Por: Juan A. Liranzo. - Hace algunos años, mientras leía la famosa novela histórica “La Sangre; una vida bajo la tiranía” del ya connotado poeta, narrador y ensayista dominicano Tulio Manuel Cestero, me llamó la atención lo que, para cualquier lector, incluso pudo serlo para quien esto escribe, una simpleza en la obra. En sus primeras páginas, a modo de ilustración, estaba contenida una fotografía panorámica en blanco y negro de lo que era en época de la novela uno de los sectores de la ciudad de Santo Domingo. En dicha imagen, pude apreciar claramente algunos detalles del contorno de la ciudad que son comunes en ciertas localidades de nuestra ciudad capital. Los tendidos eléctricos, postes de luz y condiciones estructurales de las casas captadas en la imagen suelen verse exactamente igual en algunos de los barrios de nuestra ciudad e incluso, en una extendida parte del interior de nuestro país.
Lo que robó mi atención de aquella imagen fue ver como en una panorámica de finales del siglo XIX, tiempo en que gobernó Ulises Heureaux y época recreada en la obra, aparecen detallados, parte de la fisonomía capitalina que aún se conserva en nuestro país en pleno siglo XXI. Pareciera en nuestros días como si una parte de la población, sin sospecharlo, se ha quedado atrapada en el siglo XIX, viviendo en las mismas condiciones y muy probablemente pernoctando bajo los mismos anhelos de cambio.
Ciertamente, es posible en nuestros tiempos pasearse por algunas calles que no tienen nada que envidiarle a cualquiera de los países desarrollados, ataviadas por torres y desarrollo estructural. Vehículos de último modelo transitan por aquellas avenidas, pero al propio tiempo llama la atención como delante o detrás de aquellos coches se posa otro en estado de un notable deterioro, no apto para transitar, brindando un servicio de transporte.

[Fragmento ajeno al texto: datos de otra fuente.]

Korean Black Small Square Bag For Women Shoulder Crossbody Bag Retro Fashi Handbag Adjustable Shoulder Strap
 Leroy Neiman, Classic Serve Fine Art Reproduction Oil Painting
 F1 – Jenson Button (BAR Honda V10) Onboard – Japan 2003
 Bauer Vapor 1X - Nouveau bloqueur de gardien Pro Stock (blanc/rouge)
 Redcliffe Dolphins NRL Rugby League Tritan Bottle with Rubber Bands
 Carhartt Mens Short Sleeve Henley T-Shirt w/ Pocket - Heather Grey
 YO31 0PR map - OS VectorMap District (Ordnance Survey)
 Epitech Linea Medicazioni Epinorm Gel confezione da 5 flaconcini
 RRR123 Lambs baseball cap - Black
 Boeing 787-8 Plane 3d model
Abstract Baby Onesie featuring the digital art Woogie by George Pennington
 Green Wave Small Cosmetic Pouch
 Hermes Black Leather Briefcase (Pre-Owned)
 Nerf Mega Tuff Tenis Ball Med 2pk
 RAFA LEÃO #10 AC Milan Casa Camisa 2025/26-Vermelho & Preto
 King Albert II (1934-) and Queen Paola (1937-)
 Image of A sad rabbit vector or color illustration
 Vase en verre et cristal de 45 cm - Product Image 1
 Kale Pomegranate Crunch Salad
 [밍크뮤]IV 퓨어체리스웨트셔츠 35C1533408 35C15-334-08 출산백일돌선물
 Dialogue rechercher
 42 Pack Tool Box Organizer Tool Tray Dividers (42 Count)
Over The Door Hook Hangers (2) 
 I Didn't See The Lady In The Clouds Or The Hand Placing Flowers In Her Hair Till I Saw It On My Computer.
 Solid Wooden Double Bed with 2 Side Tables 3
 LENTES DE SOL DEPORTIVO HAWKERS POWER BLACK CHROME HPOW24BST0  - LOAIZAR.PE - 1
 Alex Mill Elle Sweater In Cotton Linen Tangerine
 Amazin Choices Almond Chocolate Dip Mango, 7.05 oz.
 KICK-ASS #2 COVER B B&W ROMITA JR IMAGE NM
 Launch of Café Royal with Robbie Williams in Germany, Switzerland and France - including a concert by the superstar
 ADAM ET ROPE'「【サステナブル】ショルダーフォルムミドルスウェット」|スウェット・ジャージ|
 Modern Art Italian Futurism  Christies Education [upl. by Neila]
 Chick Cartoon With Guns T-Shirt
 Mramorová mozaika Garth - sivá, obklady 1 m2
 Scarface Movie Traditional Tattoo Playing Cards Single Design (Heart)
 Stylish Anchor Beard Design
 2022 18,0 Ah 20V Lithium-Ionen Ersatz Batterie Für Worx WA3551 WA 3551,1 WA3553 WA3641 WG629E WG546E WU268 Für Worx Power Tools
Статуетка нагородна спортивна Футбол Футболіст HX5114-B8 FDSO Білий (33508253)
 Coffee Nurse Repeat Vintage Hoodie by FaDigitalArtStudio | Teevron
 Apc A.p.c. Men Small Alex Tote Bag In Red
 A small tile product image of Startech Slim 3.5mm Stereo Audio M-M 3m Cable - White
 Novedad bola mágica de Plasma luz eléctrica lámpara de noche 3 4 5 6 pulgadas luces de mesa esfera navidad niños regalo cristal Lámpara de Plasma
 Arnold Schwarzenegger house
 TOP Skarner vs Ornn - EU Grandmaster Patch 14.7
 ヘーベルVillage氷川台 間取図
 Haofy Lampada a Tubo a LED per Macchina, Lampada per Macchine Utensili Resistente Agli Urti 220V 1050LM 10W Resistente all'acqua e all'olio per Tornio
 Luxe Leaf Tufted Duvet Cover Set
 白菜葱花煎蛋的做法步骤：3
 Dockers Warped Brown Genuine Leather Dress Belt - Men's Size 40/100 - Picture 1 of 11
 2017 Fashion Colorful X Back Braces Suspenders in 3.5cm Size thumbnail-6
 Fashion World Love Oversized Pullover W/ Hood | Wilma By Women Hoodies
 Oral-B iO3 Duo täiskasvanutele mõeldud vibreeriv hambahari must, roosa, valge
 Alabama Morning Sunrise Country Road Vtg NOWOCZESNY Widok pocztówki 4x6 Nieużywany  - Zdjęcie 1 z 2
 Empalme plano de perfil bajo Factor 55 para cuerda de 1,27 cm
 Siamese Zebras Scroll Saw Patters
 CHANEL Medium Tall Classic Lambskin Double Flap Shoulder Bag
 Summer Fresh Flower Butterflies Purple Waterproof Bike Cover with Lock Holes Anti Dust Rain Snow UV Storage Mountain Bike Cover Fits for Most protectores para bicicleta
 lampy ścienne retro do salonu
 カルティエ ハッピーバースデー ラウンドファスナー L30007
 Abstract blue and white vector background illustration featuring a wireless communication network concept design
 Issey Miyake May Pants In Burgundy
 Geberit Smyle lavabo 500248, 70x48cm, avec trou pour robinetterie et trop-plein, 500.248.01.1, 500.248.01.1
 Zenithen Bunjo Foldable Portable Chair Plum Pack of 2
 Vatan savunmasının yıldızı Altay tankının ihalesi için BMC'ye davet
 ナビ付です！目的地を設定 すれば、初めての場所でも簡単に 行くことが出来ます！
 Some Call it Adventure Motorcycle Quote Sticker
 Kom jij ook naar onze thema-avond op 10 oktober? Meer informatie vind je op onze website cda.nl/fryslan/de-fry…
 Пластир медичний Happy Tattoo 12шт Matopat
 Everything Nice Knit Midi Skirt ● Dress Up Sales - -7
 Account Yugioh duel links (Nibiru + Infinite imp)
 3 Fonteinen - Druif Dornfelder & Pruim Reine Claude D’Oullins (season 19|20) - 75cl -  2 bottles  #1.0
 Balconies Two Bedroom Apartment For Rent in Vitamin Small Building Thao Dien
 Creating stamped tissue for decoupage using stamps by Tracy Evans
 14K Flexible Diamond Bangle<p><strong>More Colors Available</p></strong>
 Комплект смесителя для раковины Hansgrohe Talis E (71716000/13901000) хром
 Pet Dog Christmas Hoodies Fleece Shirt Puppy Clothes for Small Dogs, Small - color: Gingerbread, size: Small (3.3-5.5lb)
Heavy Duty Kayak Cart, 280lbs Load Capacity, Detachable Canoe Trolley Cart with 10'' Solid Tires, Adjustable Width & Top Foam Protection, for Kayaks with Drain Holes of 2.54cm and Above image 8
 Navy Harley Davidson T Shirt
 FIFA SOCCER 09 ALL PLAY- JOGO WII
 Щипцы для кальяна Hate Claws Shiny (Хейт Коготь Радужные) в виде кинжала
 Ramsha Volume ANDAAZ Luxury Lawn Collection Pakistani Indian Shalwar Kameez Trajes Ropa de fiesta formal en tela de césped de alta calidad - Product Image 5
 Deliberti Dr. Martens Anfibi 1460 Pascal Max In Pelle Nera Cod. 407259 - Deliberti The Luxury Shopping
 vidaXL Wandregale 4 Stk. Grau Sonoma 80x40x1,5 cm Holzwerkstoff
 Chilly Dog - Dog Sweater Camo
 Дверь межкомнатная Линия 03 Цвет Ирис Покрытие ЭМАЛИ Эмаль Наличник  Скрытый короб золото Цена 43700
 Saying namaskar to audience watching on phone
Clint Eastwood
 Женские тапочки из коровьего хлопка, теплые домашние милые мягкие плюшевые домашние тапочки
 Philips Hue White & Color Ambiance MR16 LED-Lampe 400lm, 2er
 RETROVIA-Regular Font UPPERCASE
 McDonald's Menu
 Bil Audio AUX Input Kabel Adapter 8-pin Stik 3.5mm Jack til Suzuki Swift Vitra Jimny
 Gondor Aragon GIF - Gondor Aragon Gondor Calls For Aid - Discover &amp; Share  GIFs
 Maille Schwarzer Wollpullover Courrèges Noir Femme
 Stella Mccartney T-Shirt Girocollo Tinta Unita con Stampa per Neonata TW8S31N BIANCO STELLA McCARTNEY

Allí donde el padre o la madre poseedores de un Mercedes Benz se paran en el semáforo con su hijo a bordo para esperar el cambio de luz, es donde otro infante de la misma edad de aquel niño se posa en los cristales para limpiarlos o pedir algo de caridad; y es que el país se sobrepone a cada instante a aquellas contradicciones, contrastes que hacen creer que República Dominicana está sumida en dos siglos distintos: El siglo XXI y el siglo XIX.
Naturalmente, no podemos pretender que haya en nuestro país, ni en ningún país del mundo, igualdad plena entre todos los ciudadanos, pero sí debemos aspirar a tener un país de mayor justicia y equidad. No podemos creer que las familias que han monopolizado los recursos del país se desprendan, filantrópicamente, de sus bienes para ser repartidos, pero sí estamos en el deber de despertar consciencia y forzar la construcción de un Estado más responsable y regulador. No podríamos jamás desestimar la importancia que comporta el crecimiento económico y sostenido de la nación, pero tampoco podemos olvidar que igual de importante es el desarrollo que beneficia a todos. Es inconcebible la vivencia en un mismo espacio de dos siglos distintos, y más inaceptable aun es la probabilidad de percepción de aquella realidad y que los que viven en el Siglo XIX no hagan nada para cambiarla.